Worker's, neighbor's, children's health risked? Chattanooga asbestos case heading to jury
CHATTANOOGA (WRCB) -- A federal jury must decide whether three Chattanooga businessmen, one of their companies, and a cleanup company with whom one is associated, conspired to defraud the government, violate the Clean Air Act, made false statements, and obstructed justice in a failed effort to demolish part of the Standard Coosa Thatcher (SCT) textile plant for salvage.
Over the course of two weeks, trial testimony alleged that such actions risked the health of salvage workers, neighbors and staffers and children at a nearby day care center by exposing them to dangerous levels of asbestos particles.
In closing arguments Wednesday, prosecutors allege that Don Fillers, James Mathis, David Wood, the Watkins Street Project and Mathis Companies Inc. knew, or should have known, that the building contained three-to-seven times the asbestos than was first estimated -- but did little to nothing to prevent cancer-and lung-disease causing particles from getting into the air.
"How can the defendants say they didn't know there was more asbestos," Assistant U.S. Attorney Todd Gleason asked the jury. "The numbers are in their own documents!"
Tuesday, jurors heard from Bettye Gaston Spratling, who worked at the Pro Re Bono Day Care Center only a block away from the salvage site. She testified that she would see dust and particles in the air as workers tore apart one of the SCT buildings to salvage the bricks and wood flooring.
Spratling declined to speak to Eyewitness News on camera Wednesday. But she says that her training as a nurse, and her knowledge of the age of SCT's buildings, told her that asbestos likely was present, and that it would be dangerous.
"We wouldn't let the children play outside during any of it," Spratling says. "Every day, the windows would be coated, my car would be coated. My son would wash it off with a hose every day."
The Center's overseer, Akiko Bass, has not returned phone calls seeking comment. But Phil Acord, a member of the Board of Directors who gained oversight of Pro Re Bono in late 2005, says nobody was made aware of the potential risk until regulators with the federal EPA and the Chattanooga- Hamilton County Air Pollution Control Board shut down the project for violations.
"There's a bunch of em' (behind that demolition)", neighbor James Wint. says. "I don't know all of em!"
Wint claims he was among those hired for the demolition.

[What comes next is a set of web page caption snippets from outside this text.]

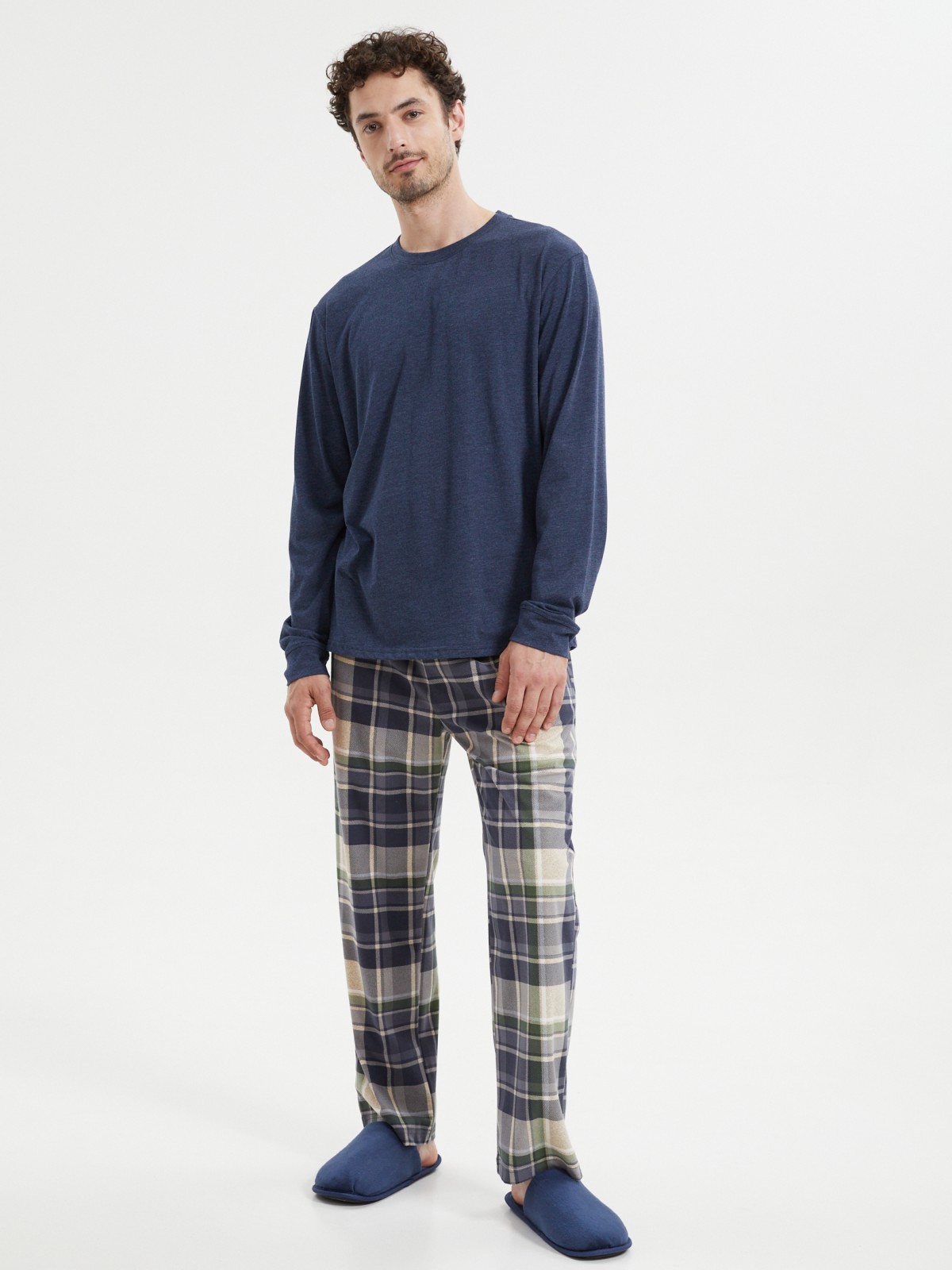 Тонкий трикотажный лонгслив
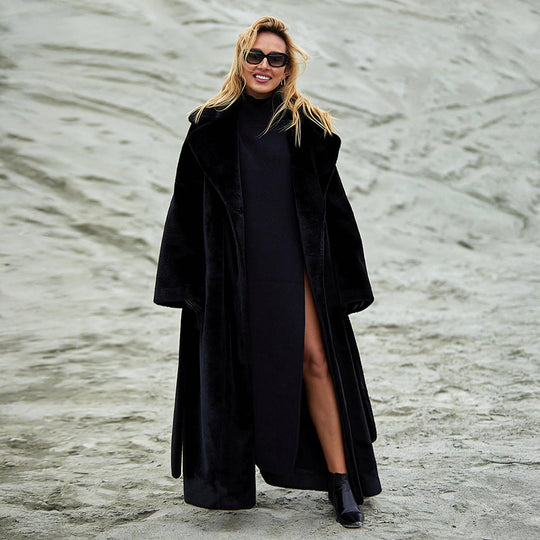 Damen Eleganter, gefütterter Wintermantel mit breitem Revers EB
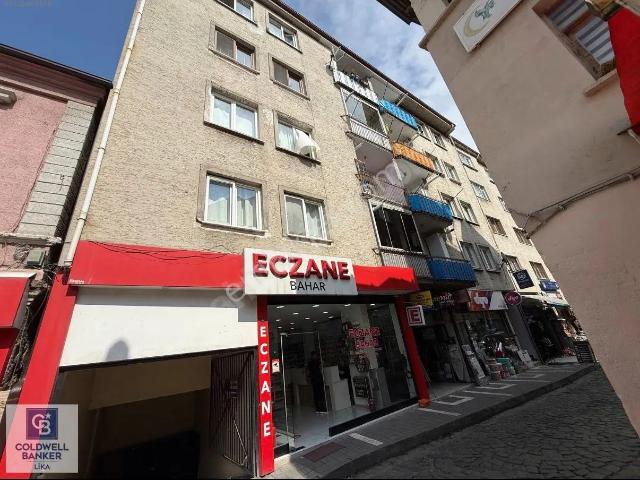 Meydan'a Yürüme Mesafesinde İçi Yenilenmiş Satılık Daire
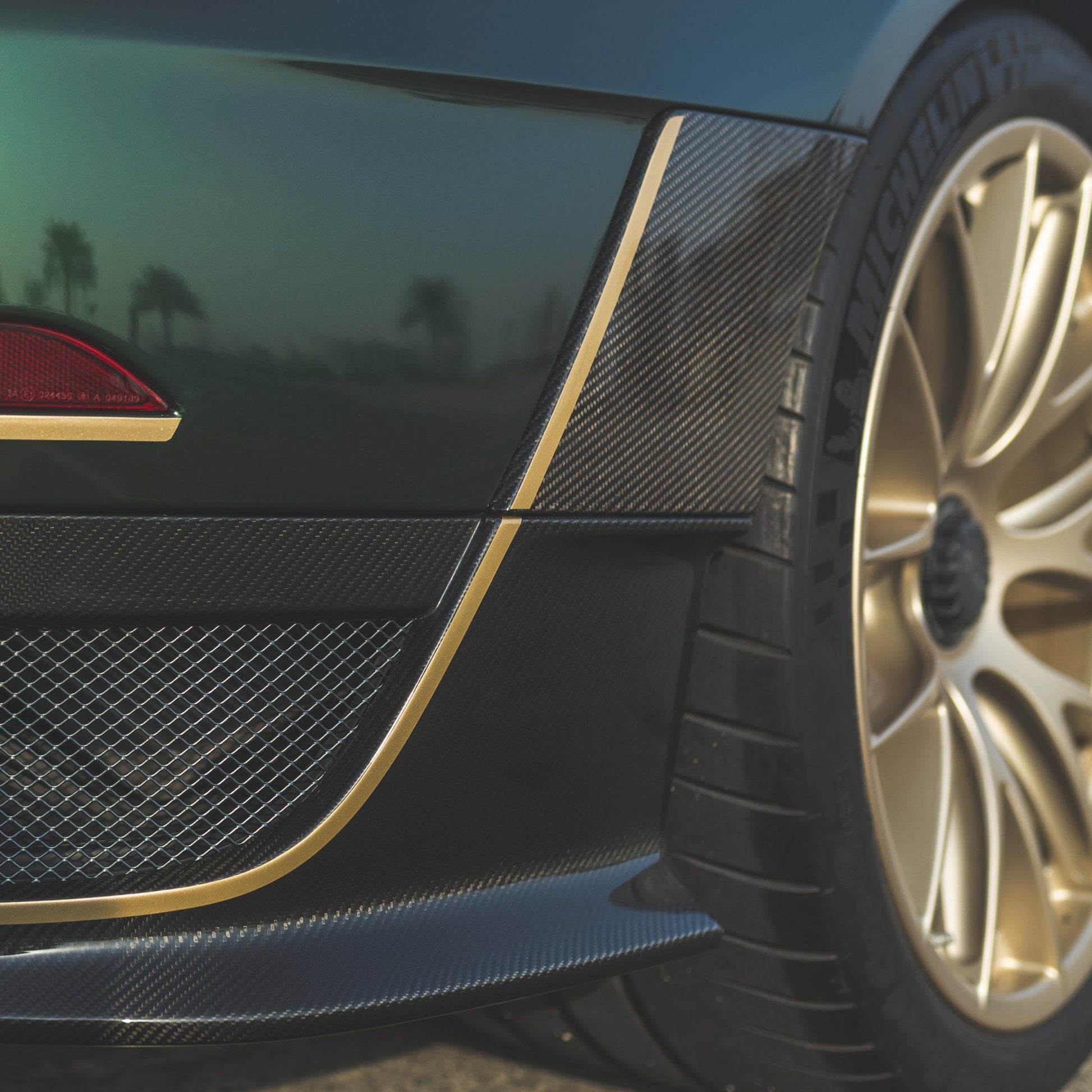MANHART MH1911GT2006 CARBON REAR DIFFUSER SIDE PLATES FOR PORSCHE 911 (991) GT2 RS BY DB CARBON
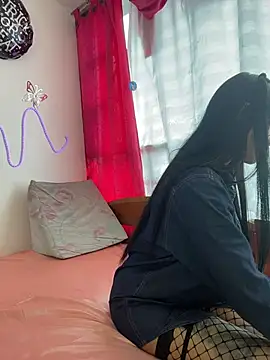 Snapshot of eve_linn99 chatting on 10.19.25 eve linn99 online show from 10.19.25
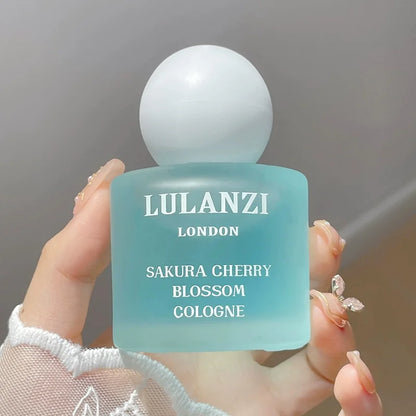 High-grade Cherry Blossom Perfume Fresh Natural Floral Spray Lasting Fragrance Temptation Ladies Light Perfume Clothes Deodorant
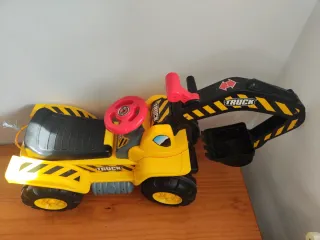 Retroexcavadora correpasillos infantil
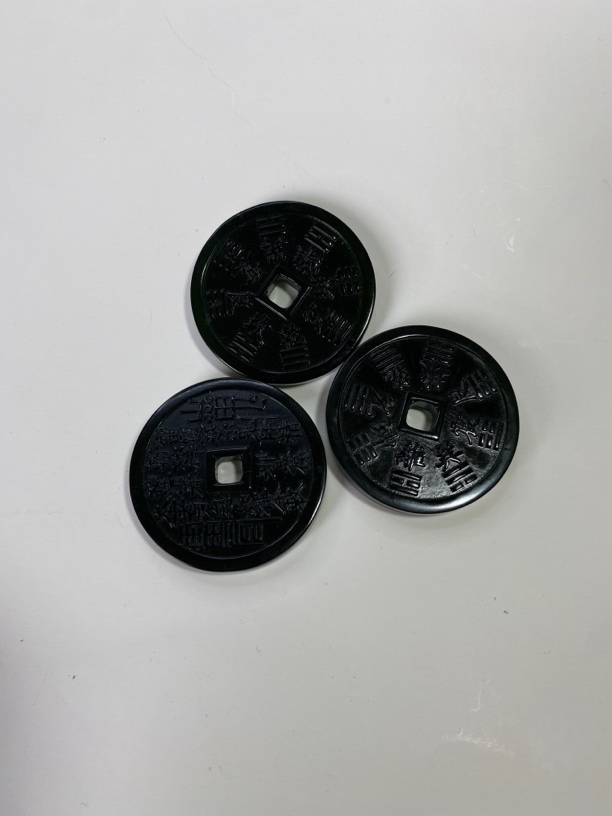 高品质岫玉墨山鬼吊坠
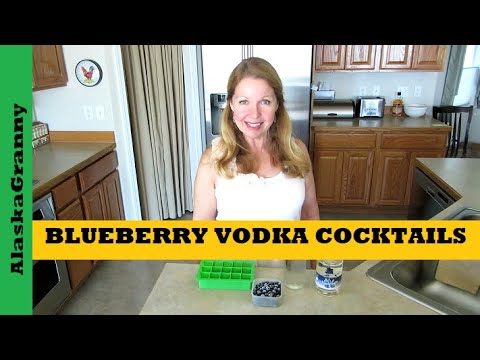 download lagu mp3 mp4 Simple Blueberry Vodka Drinks, download lagu Simple Blueberry Vodka Drinks gratis, unduh video klip Simple Blueberry Vodka Drinks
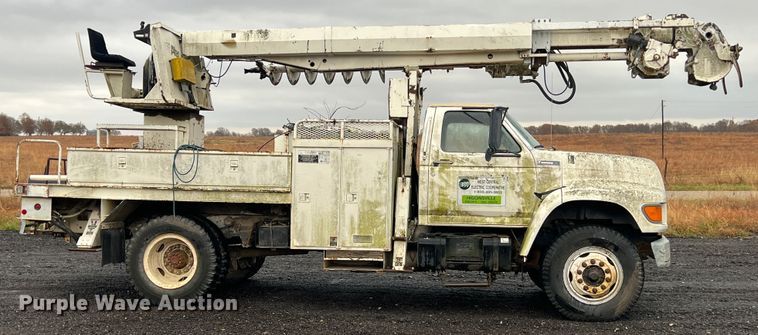 image for item KF9759 1997 Ford F800  digger derrick truck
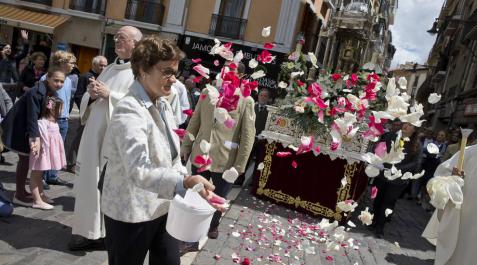El Corpus acaba con una estela de flores gracias a los ciudadanos El Corpus acaba con una estela de flores gracias a los ciudadanos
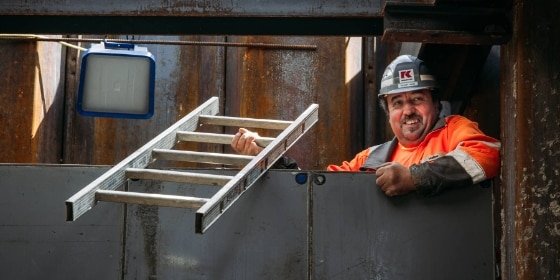 Mitarbeitender auf einer Baustelle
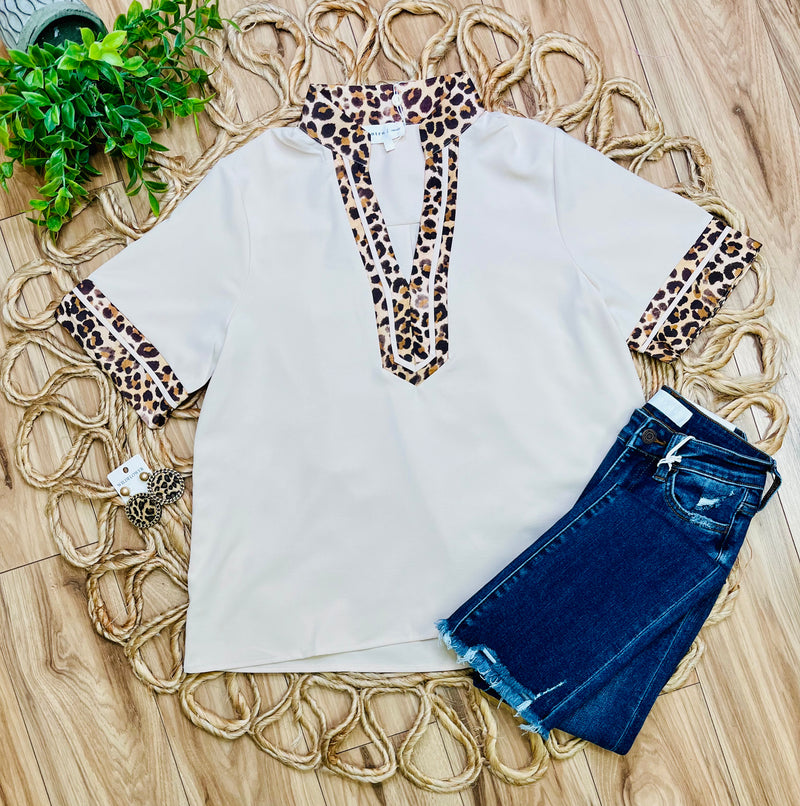 Women’s Entro Cheetah Accents top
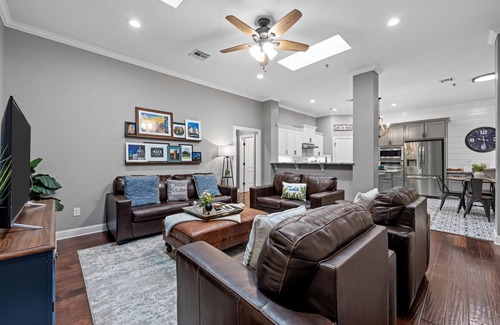 Brazos Condo | Downtown Waco retreat! 2 blocks to Magnolia Silos! Huge private balcony!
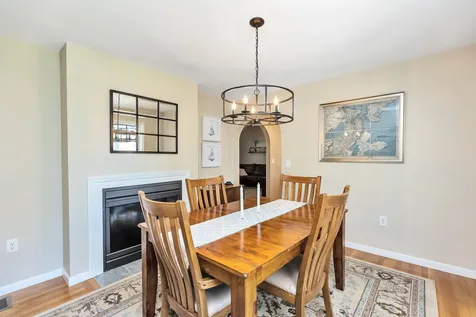 4 Barker Road Windham NH 03087
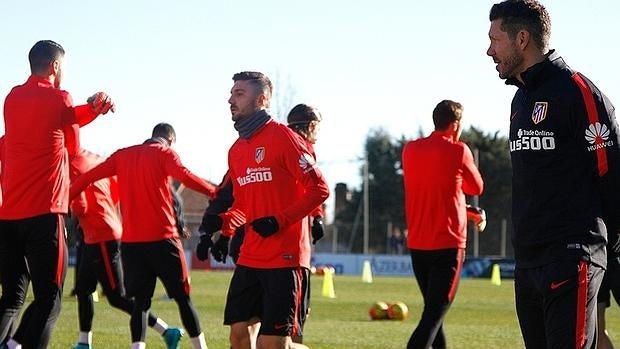 Simeone descarta a Kranevitter, Siqueira y Lucas ante Las Palmas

He was not one of the two crew members called to testify, but he confirms prosecutors' assertions that the defendants hired homeless people and day laborers 'on the cheap' and provided them with no training or protective equipment.
"(David Wood) would say, I hired Jim because he'll do anything I say," Wint tells Eyewitness News. "That's why I pay him $10 a day."
Wint says he quit after two days when his regular medication caused digestive problems that made work difficult.
"Do I think I breathed in any of that stuff," Wint repeats our question. "Well, I probably did because I sweeped (sic) the floor and raised the dust. My job was to sweep and do anything I was told."
Prosecutors showed jurors documents indicating that Fillers, Wood and Mathis expected to reap at least $600,000 from their salvage operations, while spending little more than $20,000 to abate asbestos. Those cost estimates ballooned as contractors' bids determined that the levels of asbestos, in square feet and linear feet, had been under-estimated.
Defense attorneys have sought to shift much of the blame to the Air Pollution Control Bureau, alleging that overseer Kathy Jones failed to provide their clients with adequate information regarding federal Clean Air Act regulations, and the required permits.
"What's the saying, figures lie and liars figure," Fillers' attorney Martin Levitt tells jurors. "There's a big difference between civilly liable (for cleanup) and criminally liable (causing the problem)."
"None of this rises to proof beyond a reasonable doubt."
Prior to closing arguments, lawyers spent much of Wednesday morning and afternoon arguing over the wording of 52 pages of instructions jurors must consider regarding the various charges. The eight women and four men empanelled must reach a unanimous verdict to find any of three men guilty of conspiracy charges.
Conviction could yield five-year prison terms and $250,000 fines. Fillers risks twenty years in prison if found guilty of obstruction of justice.